=== STORED DATA ===
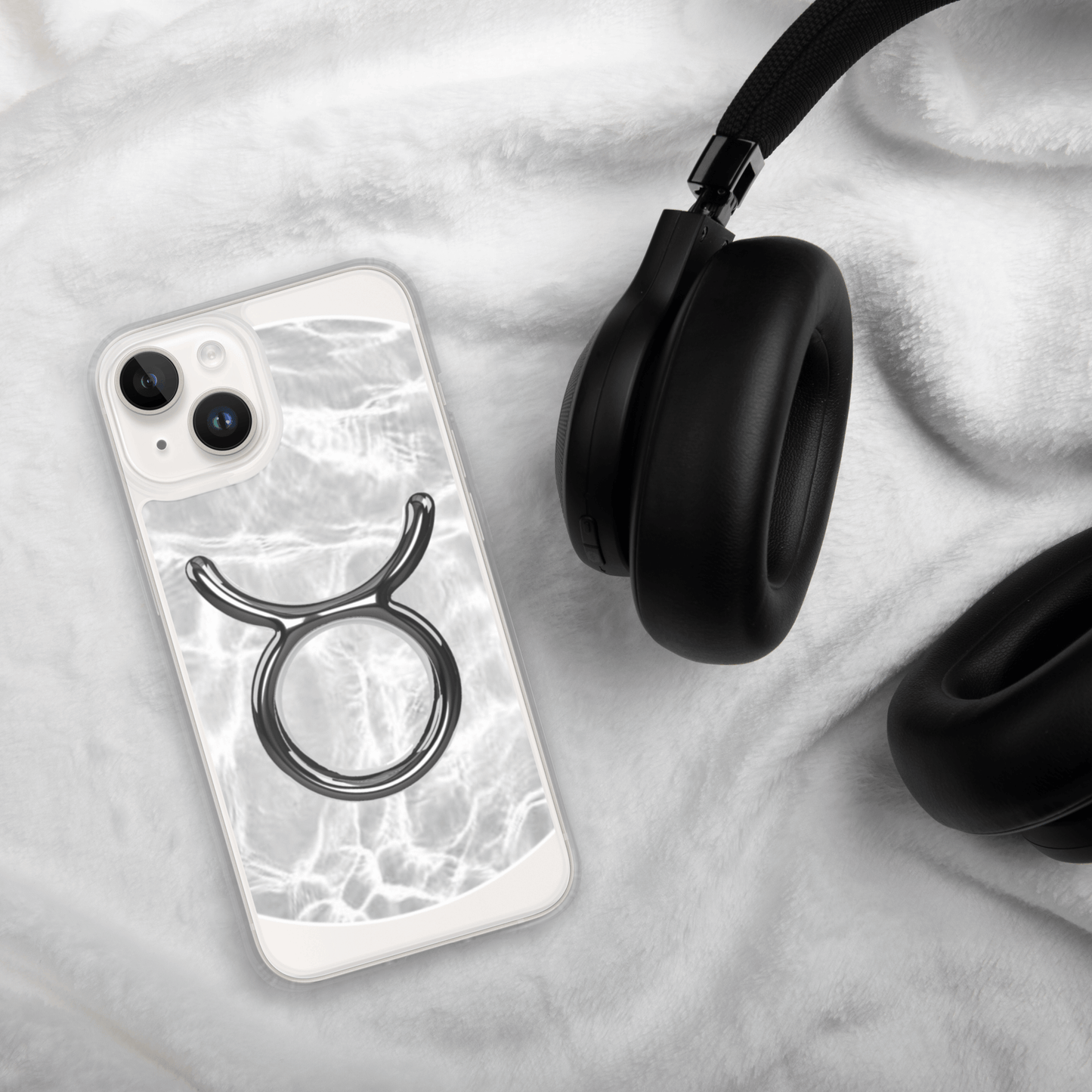 Zodiac Taurus Magsafe clear iPhone case with marble design beside black headphones on soft blanket.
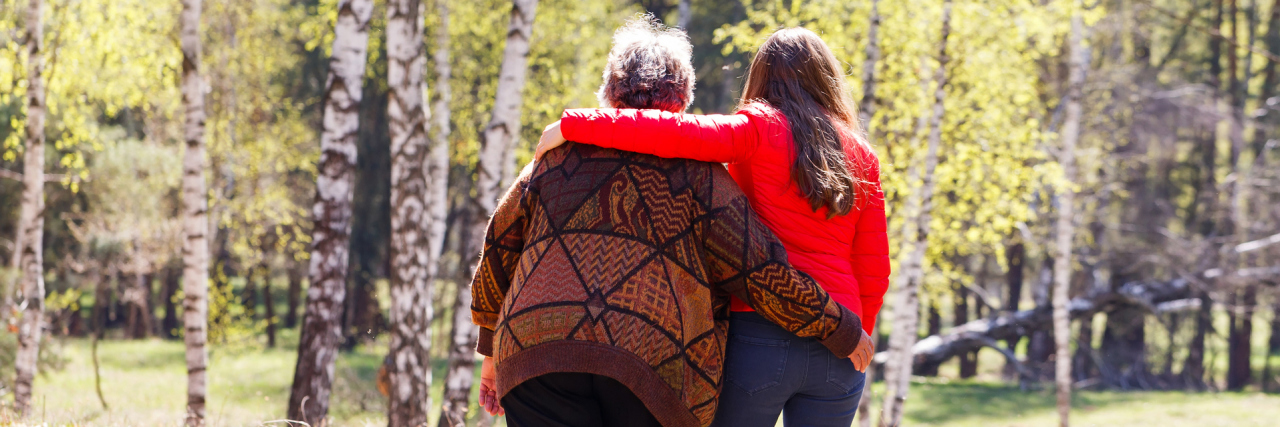 The Ideas That Worked for Me While Caring for My Mom With Alzheimer's Elderly woman walking in the park with her daughter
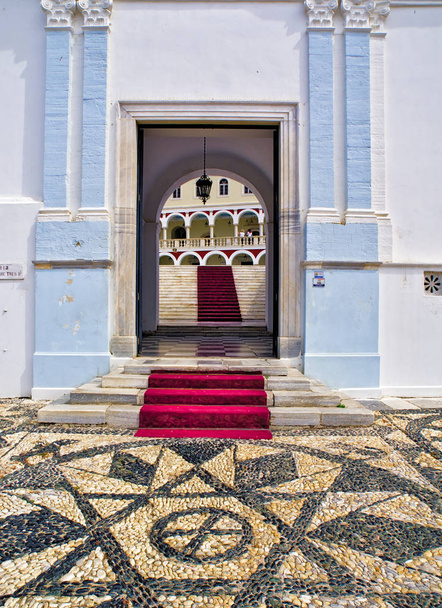 Christian orthodox church of Virgin Mary in Tinos island, Greece, black and white pebbles floor, main entrance, staircase with red carpet. - Photo, Image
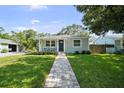 Charming single-story home with a well-manicured lawn and inviting front porch at 4637 4Th N Ave, St Petersburg, FL 33713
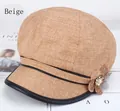 Close-up of beige newsboy hat featuring textured fabric and floral rhinestone detail - 57-59cm / Beige with Border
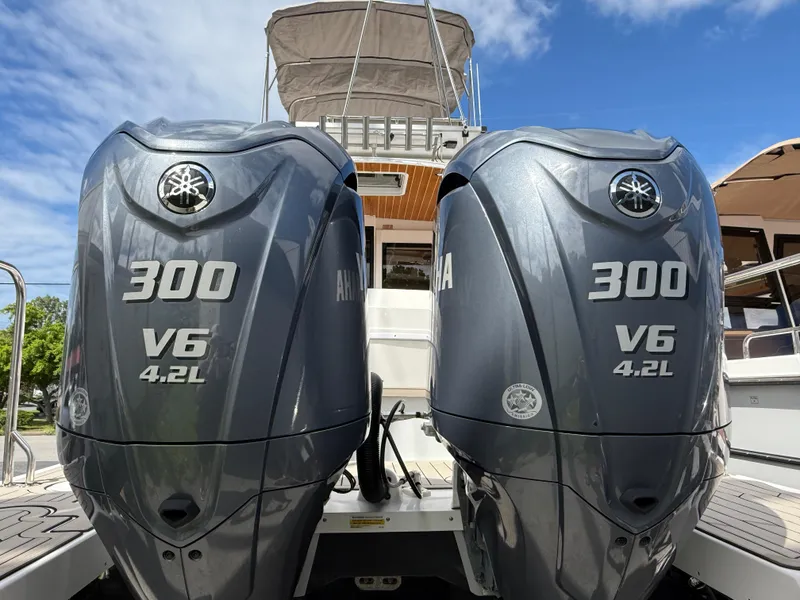 Slide: The Image of 2023 Cutwater C-32 CB with dual Yamaha 300 V6 4.2L outboard engines. - 4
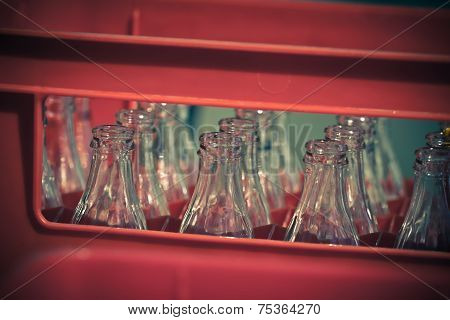 Red Plastic Crate With Empty Glass Bottles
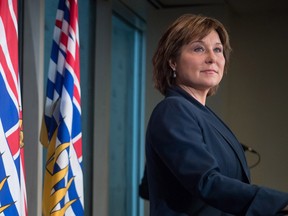 British Columbia Premier Christy Clark listens to a question while responding to the federal government approval of the Kinder Morgan Trans Mountain Pipeline expansion project, during a news conference in Vancouver, B.C., on Wednesday Nov. 30, 2016.
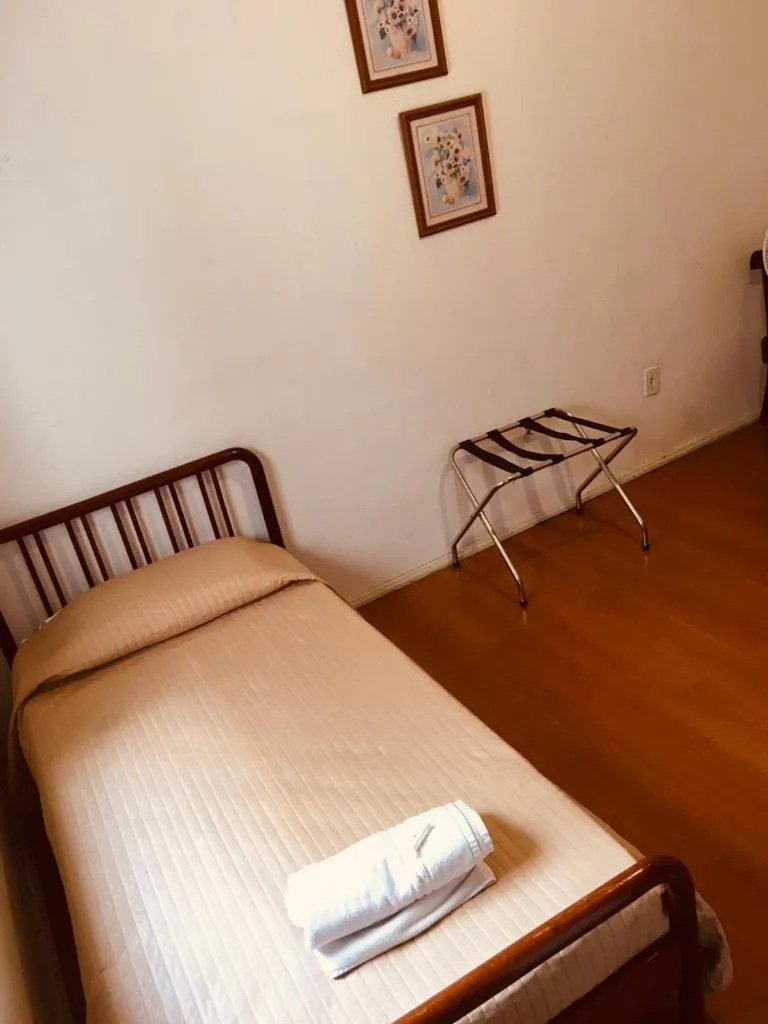 Bed in Porto Rei Residence Hotel
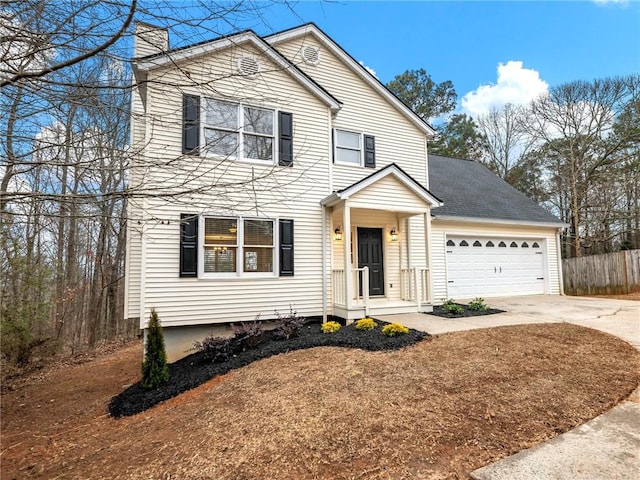 traditional-style home with a garage, concrete driveway, a chimney, roof with shingles, and fence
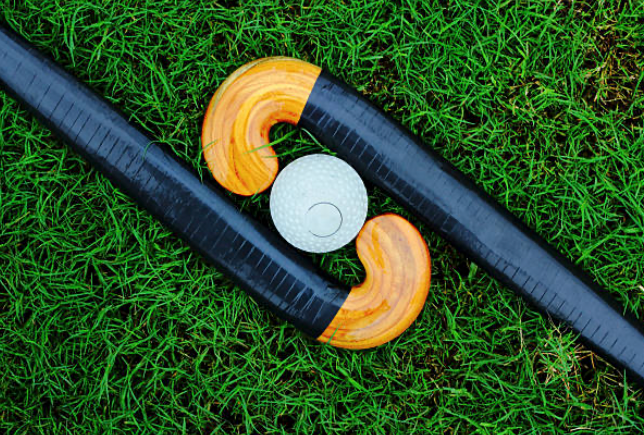 Close up of two field hockey sticks laying opposite of each other with a ball in the middle laying on turf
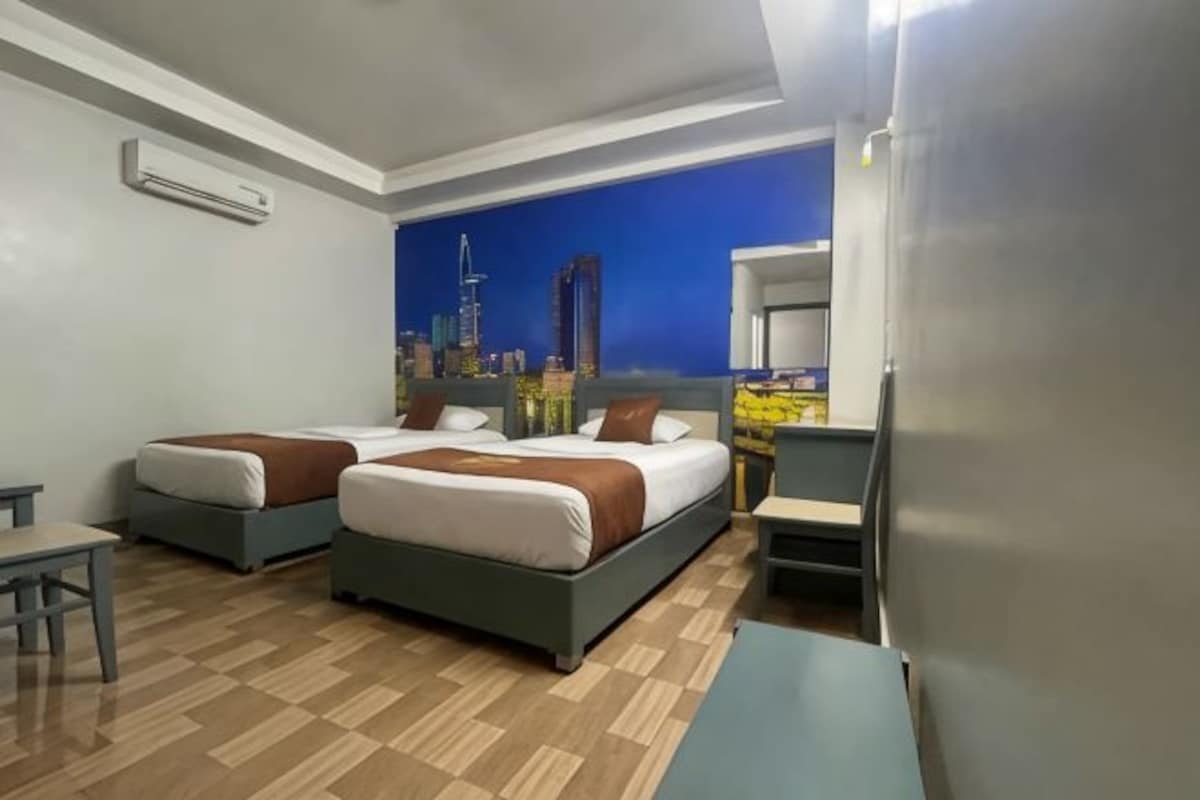 Quarto de hotel com duas camas, uma escrivaninha, uma cadeira, um refrigerador e um mural com vista para a cidade.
===
The reply must match the records exactly, apart from the pictures, which are left out.

RESPONSE TO THIS TASK:
 Zodiac Taurus Magsafe clear iPhone case with marble design beside black headphones on soft blanket.
 The Ideas That Worked for Me While Caring for My Mom With Alzheimer's Elderly woman walking in the park with her daughter
 Christian orthodox church of Virgin Mary in Tinos island, Greece, black and white pebbles floor, main entrance, staircase with red carpet. - Photo, Image
 Charming single-story home with a well-manicured lawn and inviting front porch at 4637 4Th N Ave, St Petersburg, FL 33713
 Close-up of beige newsboy hat featuring textured fabric and floral rhinestone detail - 57-59cm / Beige with Border
 Slide: The Image of 2023 Cutwater C-32 CB with dual Yamaha 300 V6 4.2L outboard engines. - 4
 Red Plastic Crate With Empty Glass Bottles
 British Columbia Premier Christy Clark listens to a question while responding to the federal government approval of the Kinder Morgan Trans Mountain Pipeline expansion project, during a news conference in Vancouver, B.C., on Wednesday Nov. 30, 2016.
 Bed in Porto Rei Residence Hotel
 traditional-style home with a garage, concrete driveway, a chimney, roof with shingles, and fence
 Close up of two field hockey sticks laying opposite of each other with a ball in the middle laying on turf
 Quarto de hotel com duas camas, uma escrivaninha, uma cadeira, um refrigerador e um mural com vista para a cidade.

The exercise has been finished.